By Ann Flynn, Head of Corporate Marketing, Standard Life

The third reading of the Pensions Bill has just taken place and it is set to transform the UK pension landscape. From 2012, larger employers will automatically enrol eligible employees into a qualifying workplace pension scheme, which aims to encourage more workers to save for retirement. Smaller schemes are being given a slightly longer lead time, before making the changes.

But the scale of what could be achieved across the board is dramatic. Our research shows that auto-enrolment could create an additional six million pension savers, many of them working within small or medium sized businesses, adding £12.5bn annually to retirement savings by 2017, helping to close the savings gap and ensuring more employees are saving for their retirement. But carefully designed and clear communication lies at the heart of this success and employers, along with the long term savings and investment industry, have a vital role to play in this respect.

Our research also shows that 82% of employees in the £17-45K earning range who would be auto-enrolled said they wouldn’t opt out of the scheme if given clear information about its benefits. Here are some guidelines on communication that our research shows will help to develop employee engagement, so they value their workplace pension and help to make auto-enrolment a success.

- As part of the new regulations, employers will be required to contribute 3% to employee’s scheme. Clearly this has real implications for many businesses, particularly smaller ones. It also makes it even more important that employees are aware of that contribution and truly value the investment from their employer. So remind employees what they will miss out on if they choose to opt-out. Those we surveyed did not like being told that they would not benefit from free employer contributions if they opted out.

- Present the employer contributions and tax relief together as matched contributions forming a powerful incentive.

- Highlight that investing in a pension can be a good deal. A simple illustration of the multiplying impact of long term savings on a £50 contribution can be very impactful.

- Where possible, show employees round numbers, not just percentages. For example, statement such as “4% of your annual salary over £5,700” should be complemented by an illustration such as “£50 a month for someone on a £20,000 annual salary”.

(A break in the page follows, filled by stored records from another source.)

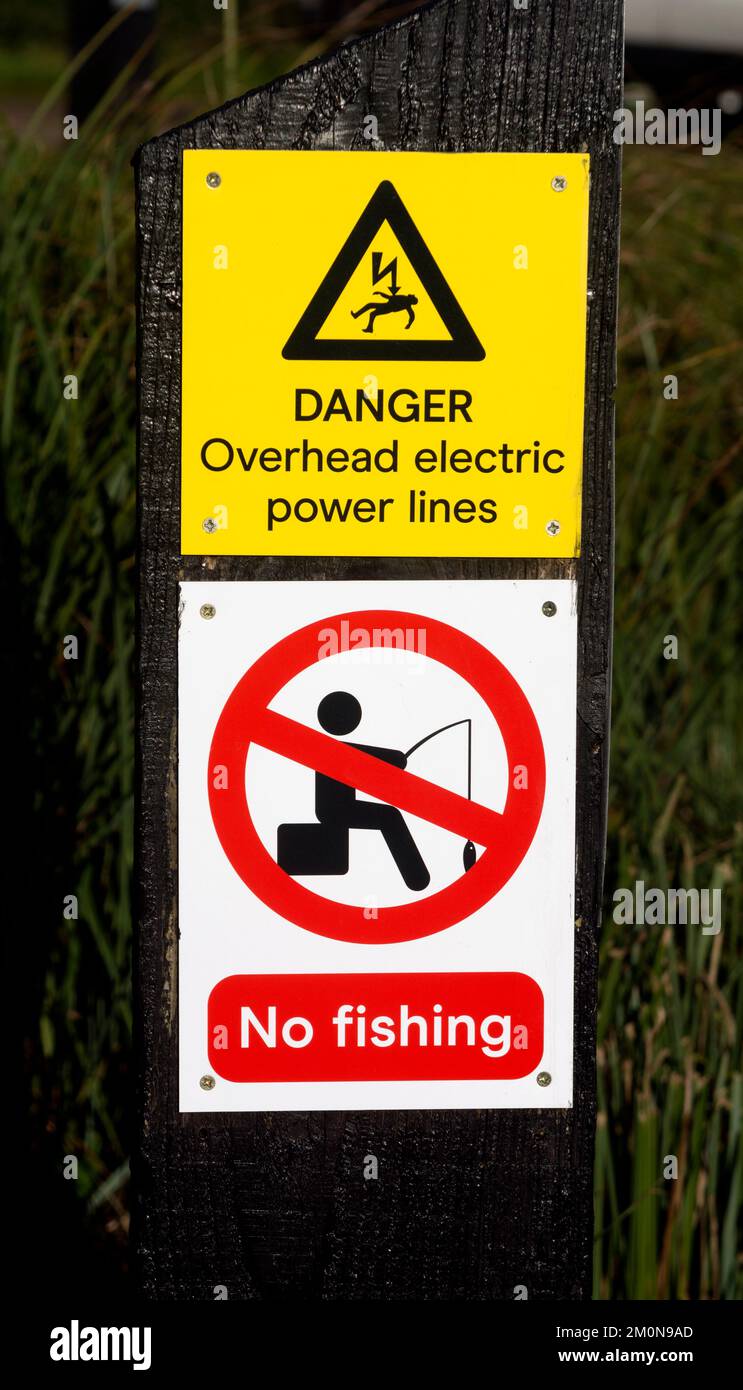 Panneaux d'avertissement de lignes électriques aériennes, Grand Union Canal, Warwickshire, Royaume-Uni Banque D'Images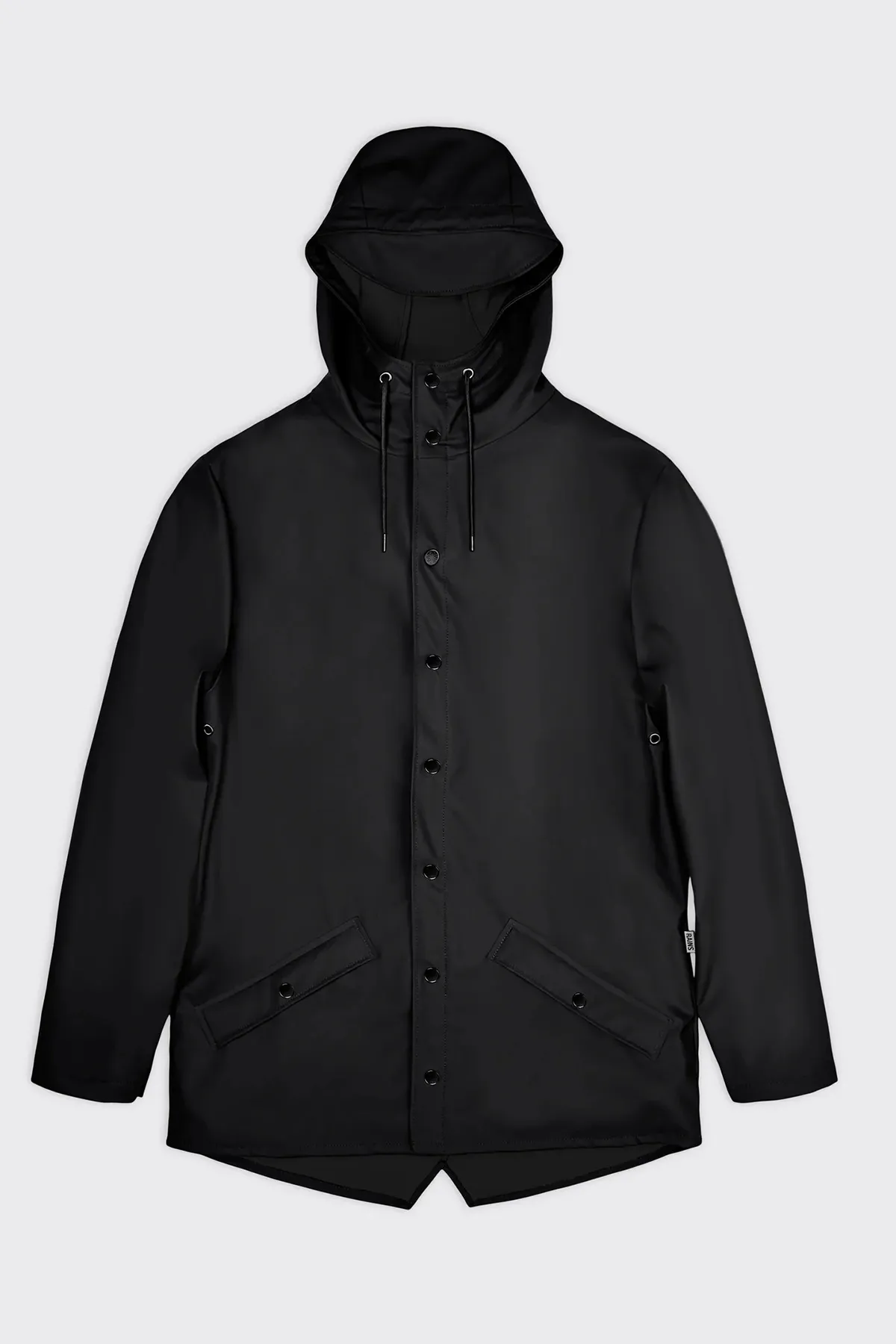 Rains  Die wasserdichte Jacke ist aus dem charakteristischen PU-Stoff von Rains geschnitten und verfügt über ultraschallverschweißte Nähte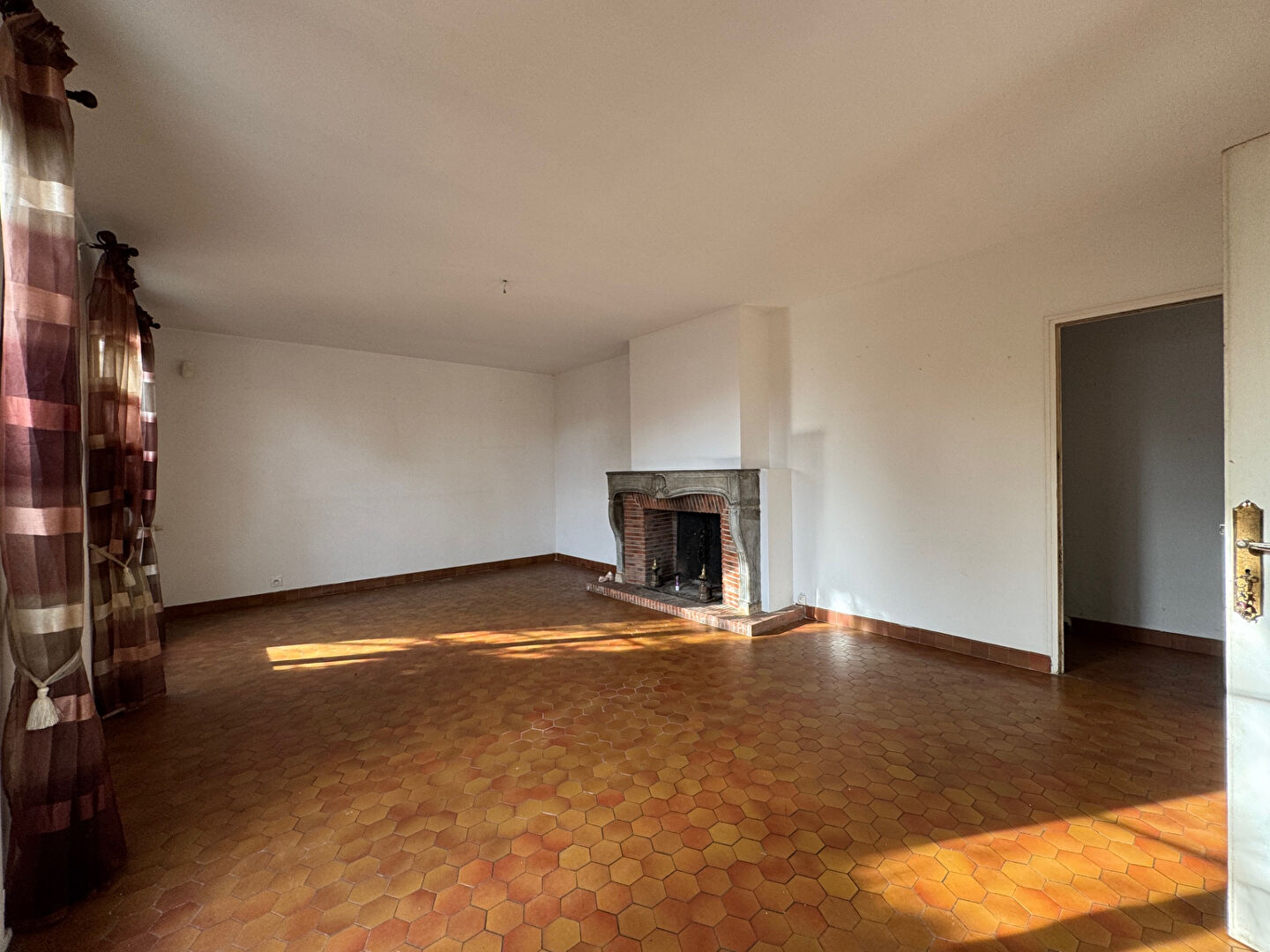 Photo Pessac le Bourgailh, maison T7 de 169 m² avec jardin et garage image 6/6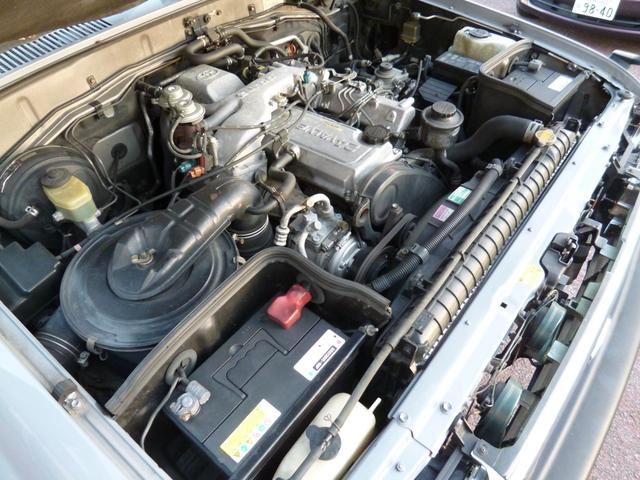 ランドクルーザー８０ ＶＸリミテッド　ターボ・リアＬＳＤ・リフトＵＰ・純正角目４灯・前後ラテラル・マフラー・１６ＡＷ・オープンカントリーＭＴ・ヒッチ・ＳＤナビＴＶ・Ｂカメラ・ＥＴＣ・リーディングダウン・ＬＥＤテール・前後ドラレコ・モモステ（32枚目）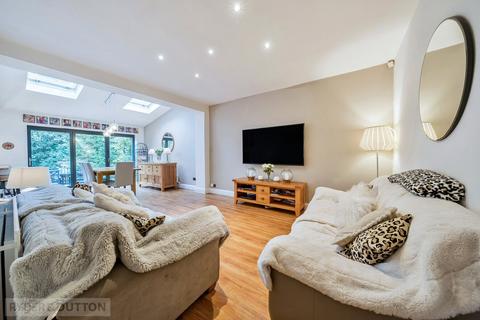 5 bedroom detached house for sale, Dingle Road, Woodside, Alkrington, Manchester, M24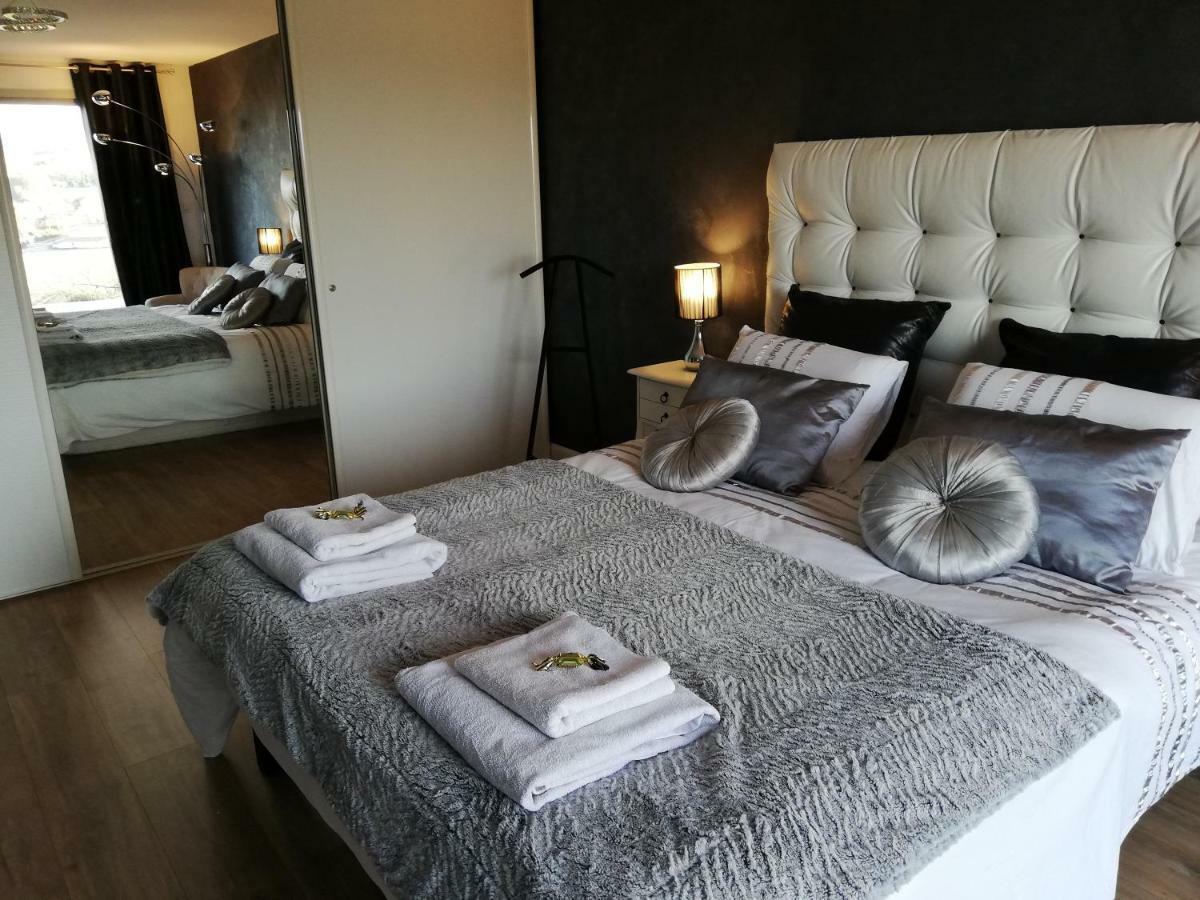 Chambres D'Hotes Luxe Et Serenite Theize Екстер'єр фото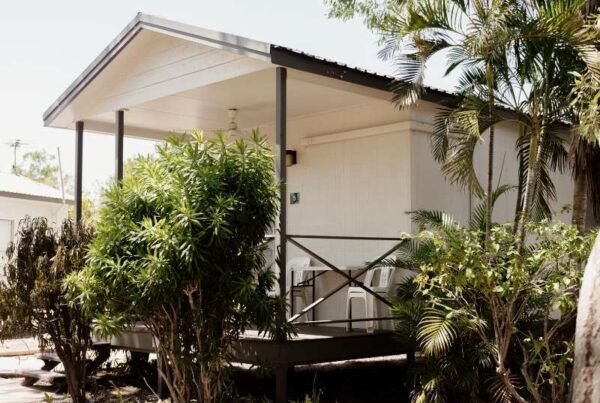 Breeze Holiday Parks - Katherine, Ensuite Cabin, exterior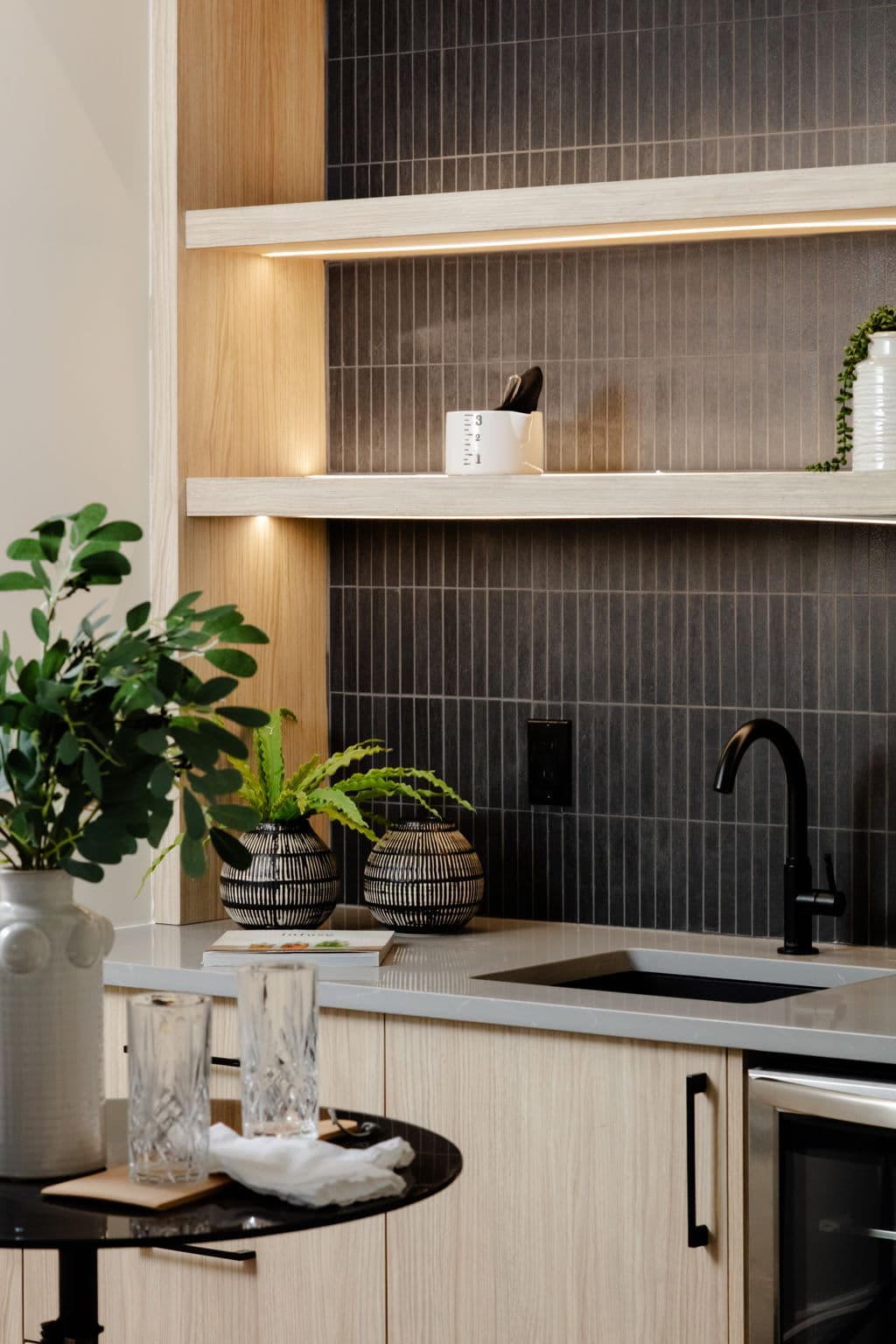 Wet bar detail in the Windsor Park project by Platinum Build Homes in Windsor Park, Calgary.
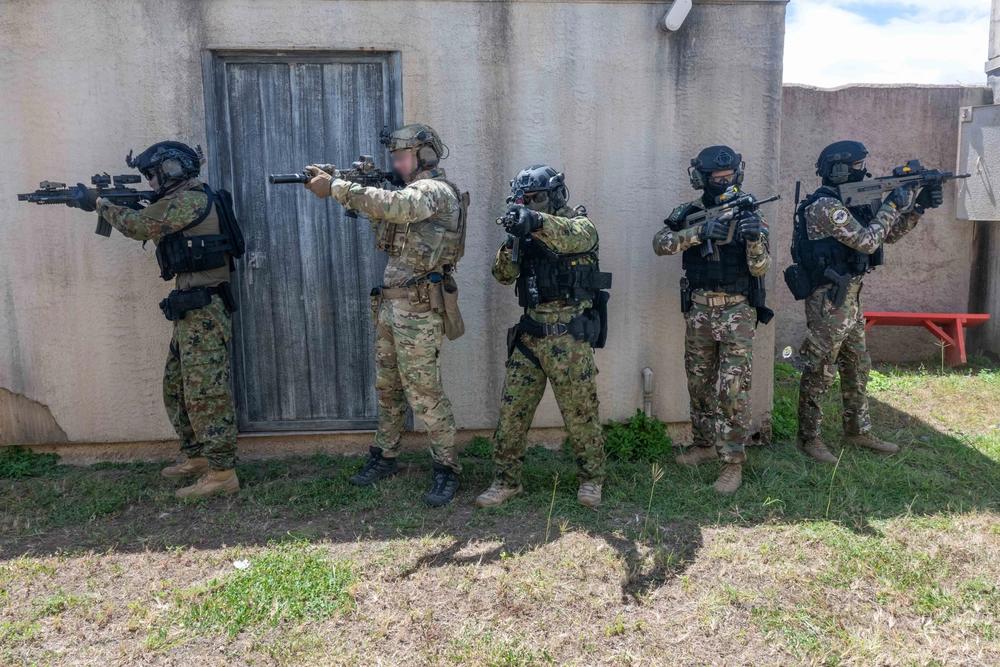 日本海军特种部队、美国海军海豹突击队和印度海军马科斯在环太平洋 2024演习 期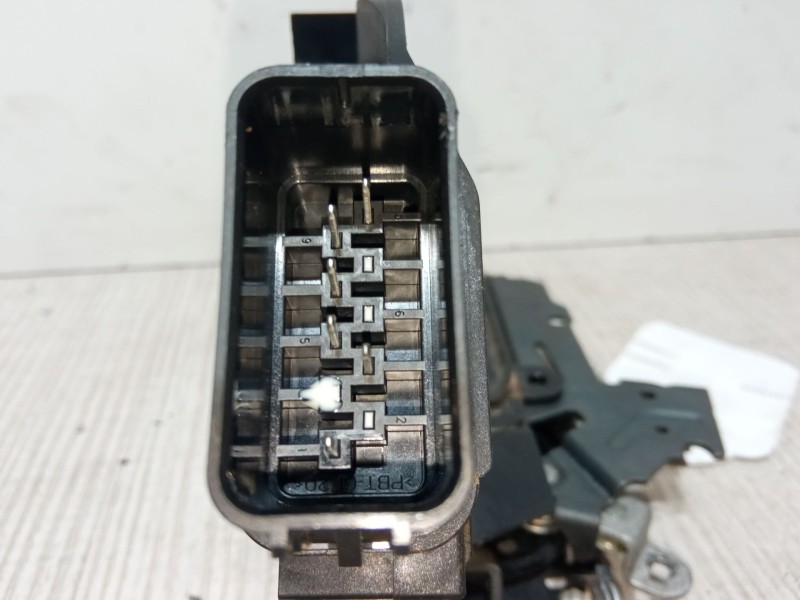 Recambio de cerradura puerta delantera izquierda para ford focus ii (da_, hcp, dp) 1.6 tdci referencia OEM IAM 3M5AR21813ET  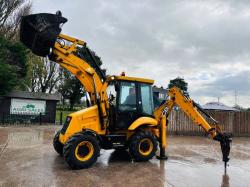 JCB 2CX 4WD STREET MASTER *YEAR 2011, 2461 HOURS* C/W HYDRAULIC BREAKER *VIDEO*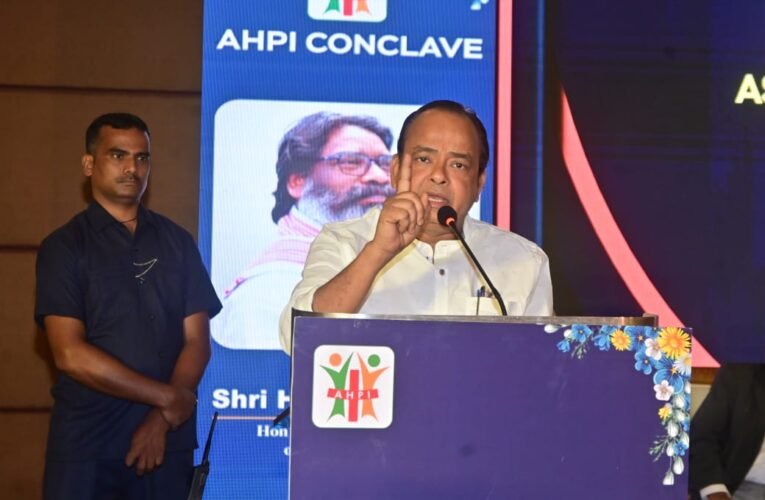 स्वास्थ्य व्यापार नहीं, सेवा है – जल्द बनेगा रिम्स-2, झारखंड की स्वास्थ्य व्यवस्था को मिलेगी नई उड़ान।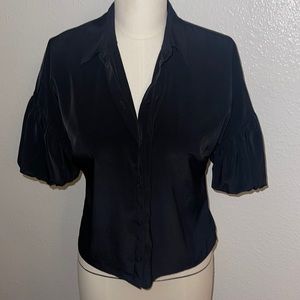 Black Buttom with puff sleeve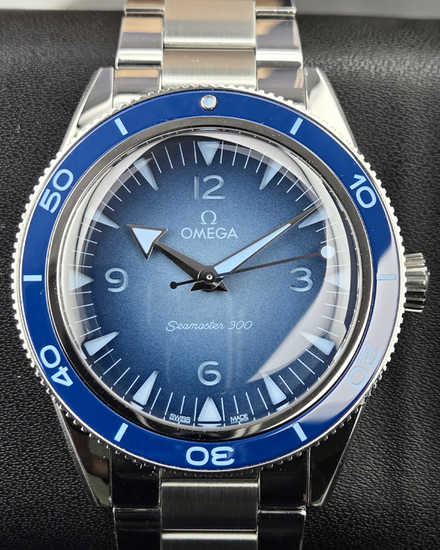 2023 Omega Seamaster Diver 300M 75th Anniversary "Summer Blue" 41MM Blue Dial Steel Bracelet (234.30.41.21.03.002)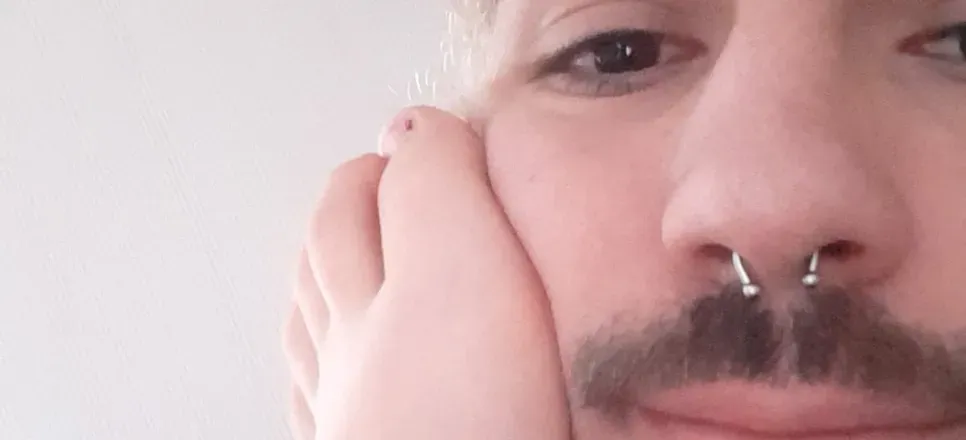 OnlyFans cuenta whitehairguy header 2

- Show employees more incentives to save more than the minimum. For example, show how an increase in their contribution leads to an increased contribution rate from Government.

We understand that meeting the requirements of auto enrolment is challenging for companies, particularly in the current economic climate, but it is a real opportunity to help put in place a sustainable pensions system here in the UK. By developing clear communications and providing employees with the support they need, a huge difference could be made.

The source of all statistics in this report is Standard Life’s Keep on Nudging report, published October 2011.